■ Assigned task
Given the records below, the lines starting at the line with "Pokoje Władysławowo * Władysławowo" and ending at the line with "VOLKSWAGEN POLO ADVANCE 1.0 TSI 95CV (2021)" should be output exactly, both end lines kept and pictures left out.

■ Study material
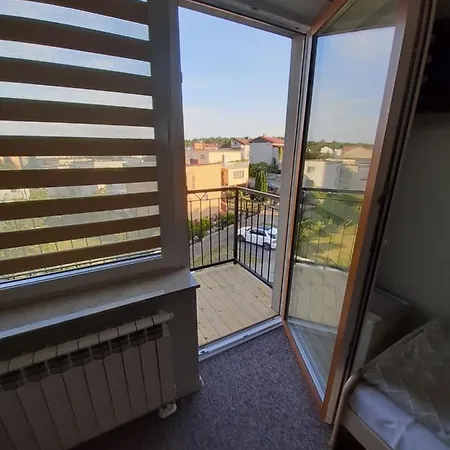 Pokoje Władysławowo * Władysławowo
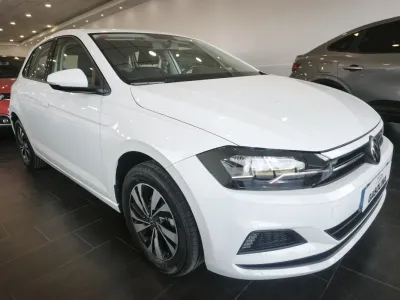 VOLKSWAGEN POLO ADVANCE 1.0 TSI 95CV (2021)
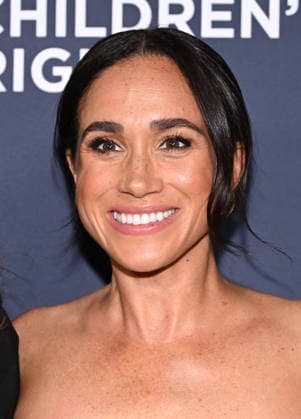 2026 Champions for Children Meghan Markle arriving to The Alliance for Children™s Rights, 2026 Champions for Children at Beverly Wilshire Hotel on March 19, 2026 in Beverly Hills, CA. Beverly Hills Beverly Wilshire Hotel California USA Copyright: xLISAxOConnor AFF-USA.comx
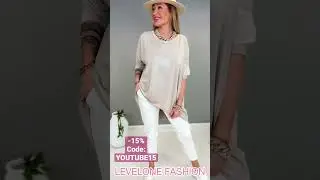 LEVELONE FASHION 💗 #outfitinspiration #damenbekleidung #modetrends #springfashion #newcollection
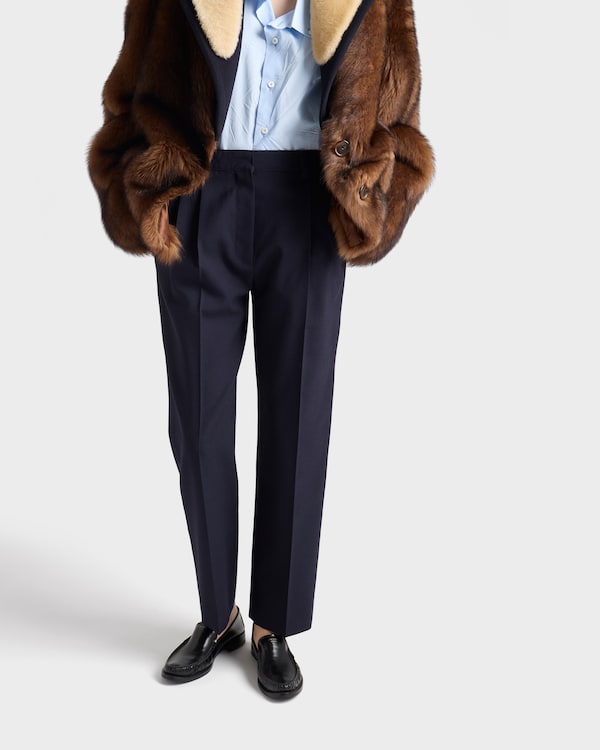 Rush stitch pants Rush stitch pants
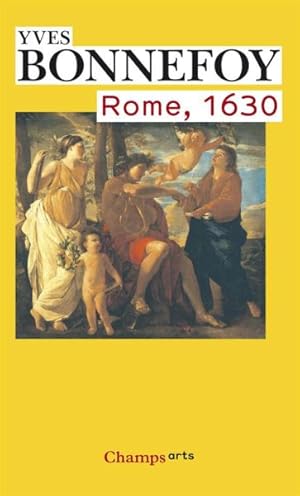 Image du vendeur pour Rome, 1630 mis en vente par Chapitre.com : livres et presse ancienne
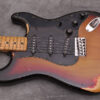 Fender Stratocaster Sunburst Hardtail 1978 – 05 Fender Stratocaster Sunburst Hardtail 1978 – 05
==
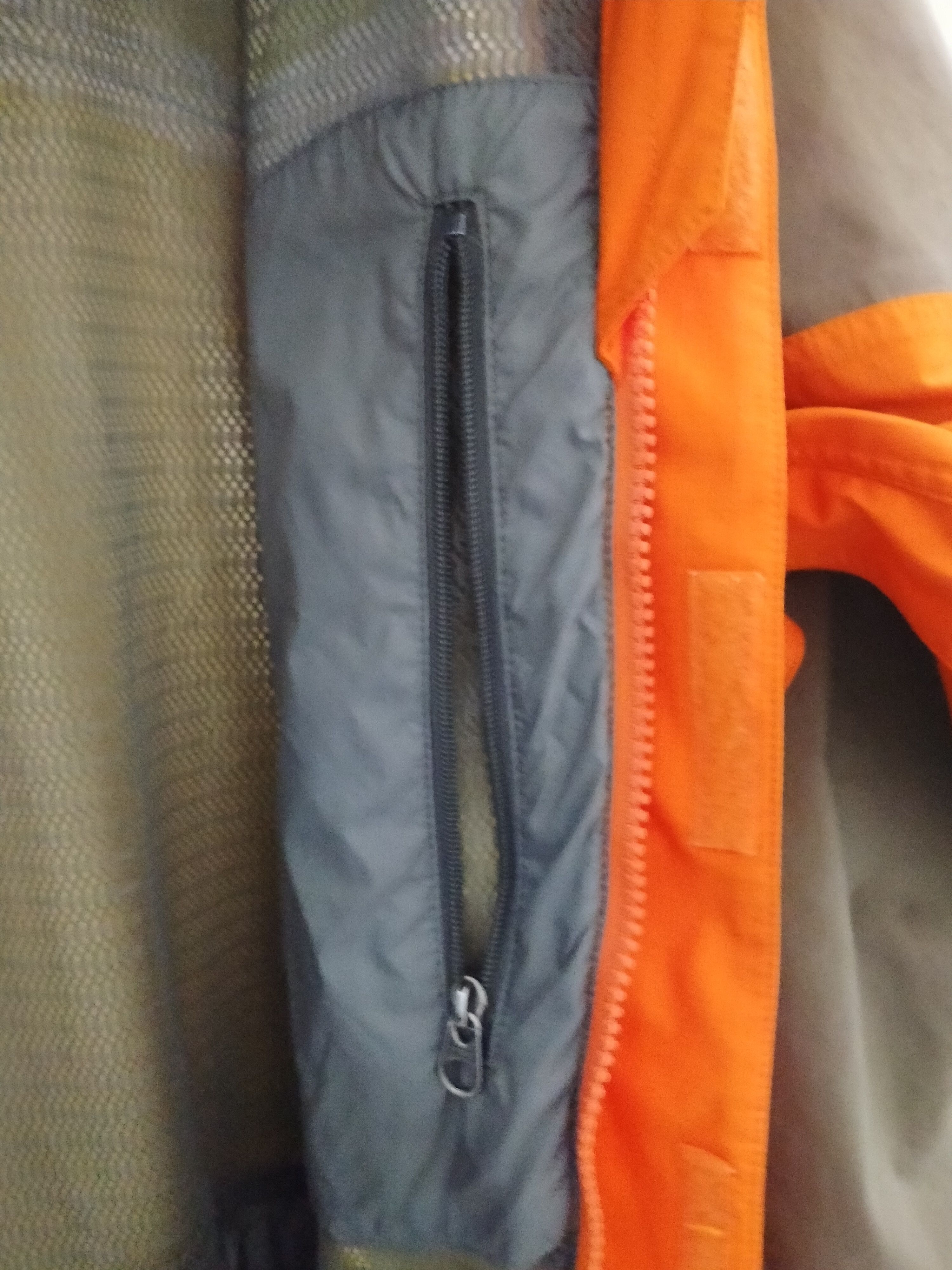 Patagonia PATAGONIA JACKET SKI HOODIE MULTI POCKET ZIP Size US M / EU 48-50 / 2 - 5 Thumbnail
* * *
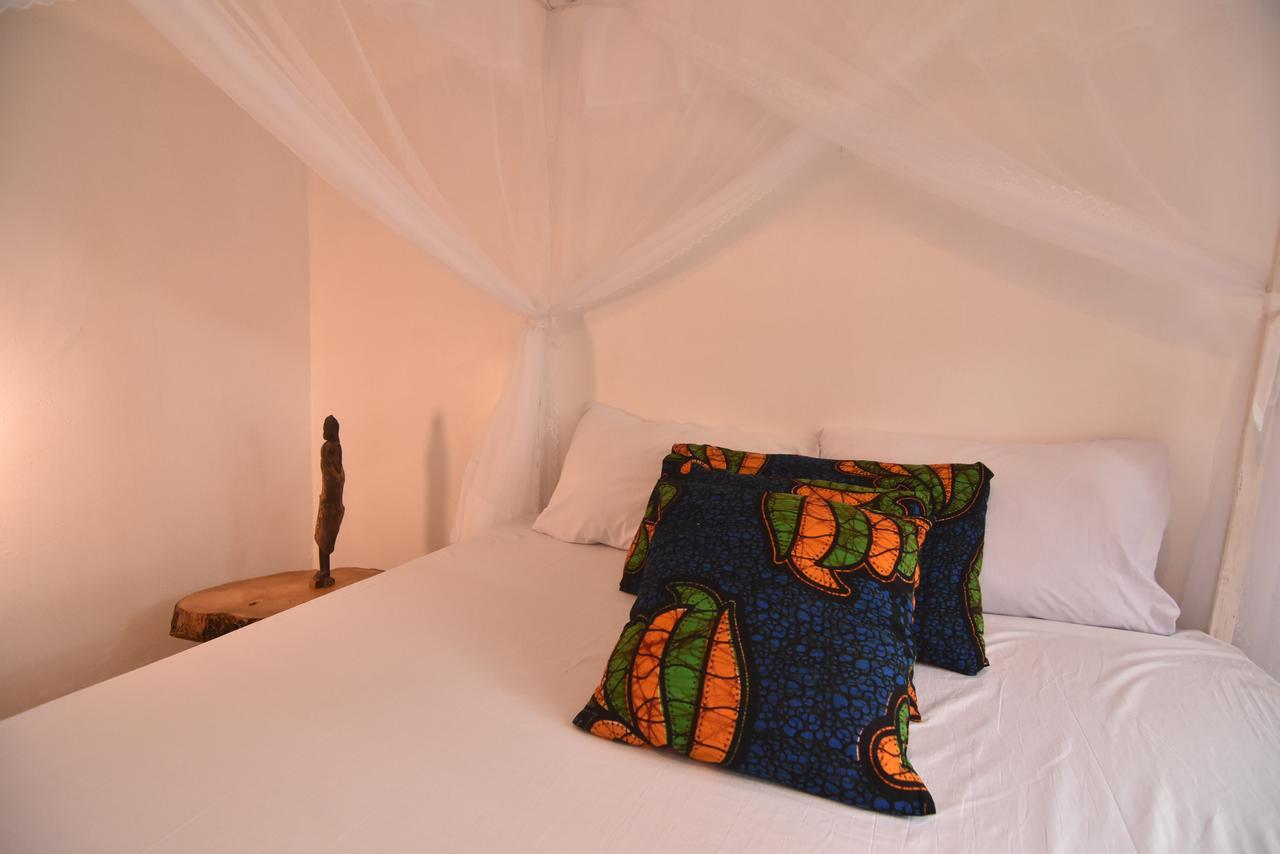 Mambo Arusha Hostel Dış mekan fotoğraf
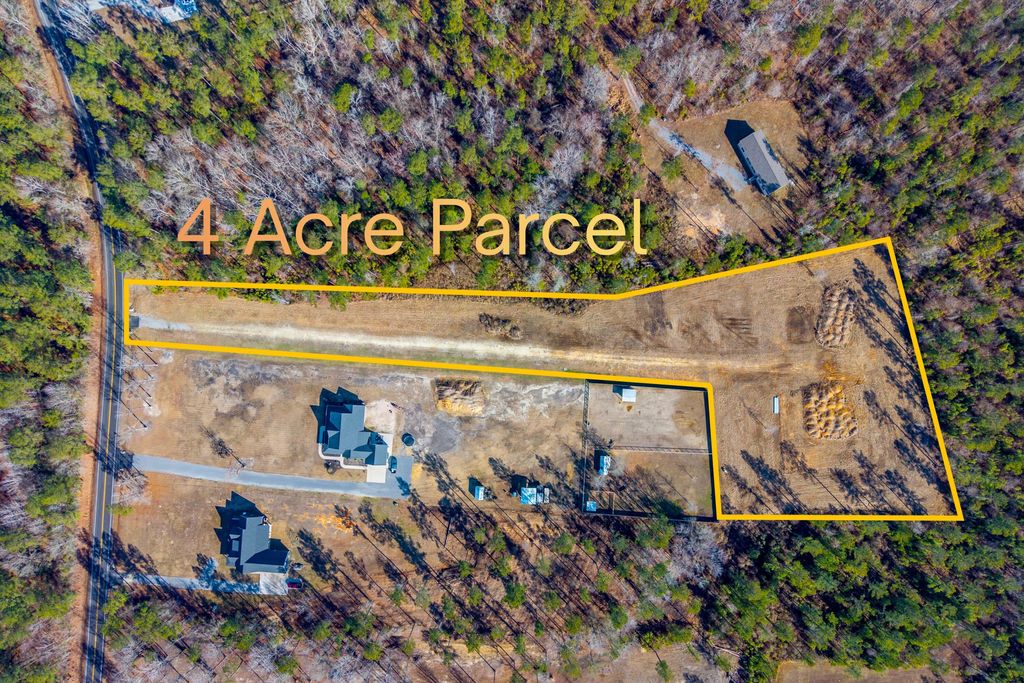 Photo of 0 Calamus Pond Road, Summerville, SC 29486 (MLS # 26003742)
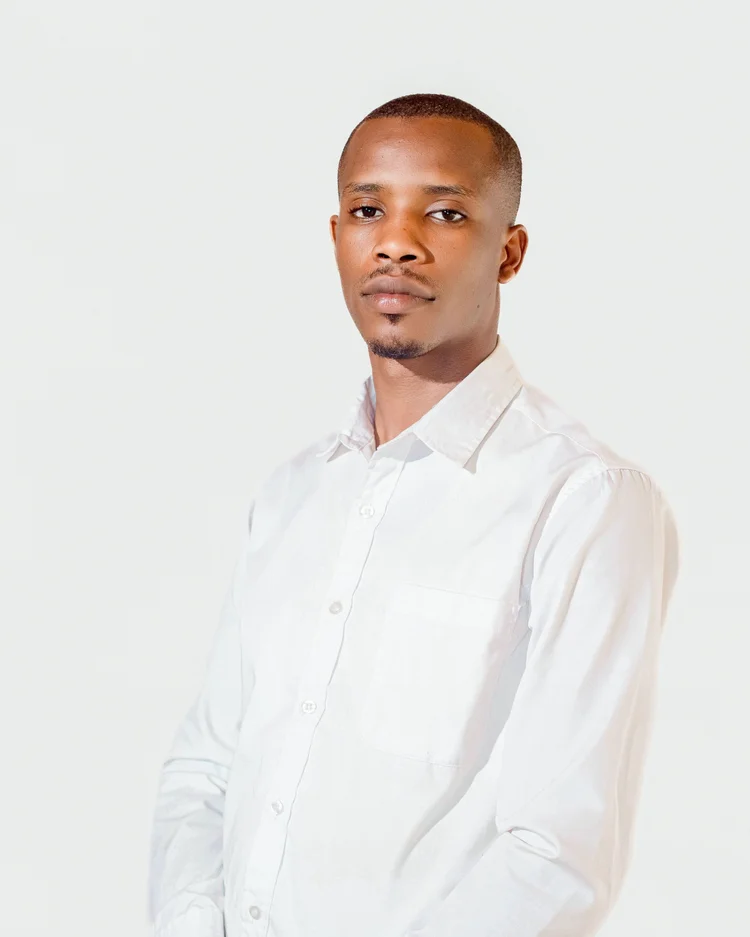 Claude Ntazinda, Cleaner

■ Answer to this problem
 Pokoje Władysławowo * Władysławowo
 VOLKSWAGEN POLO ADVANCE 1.0 TSI 95CV (2021)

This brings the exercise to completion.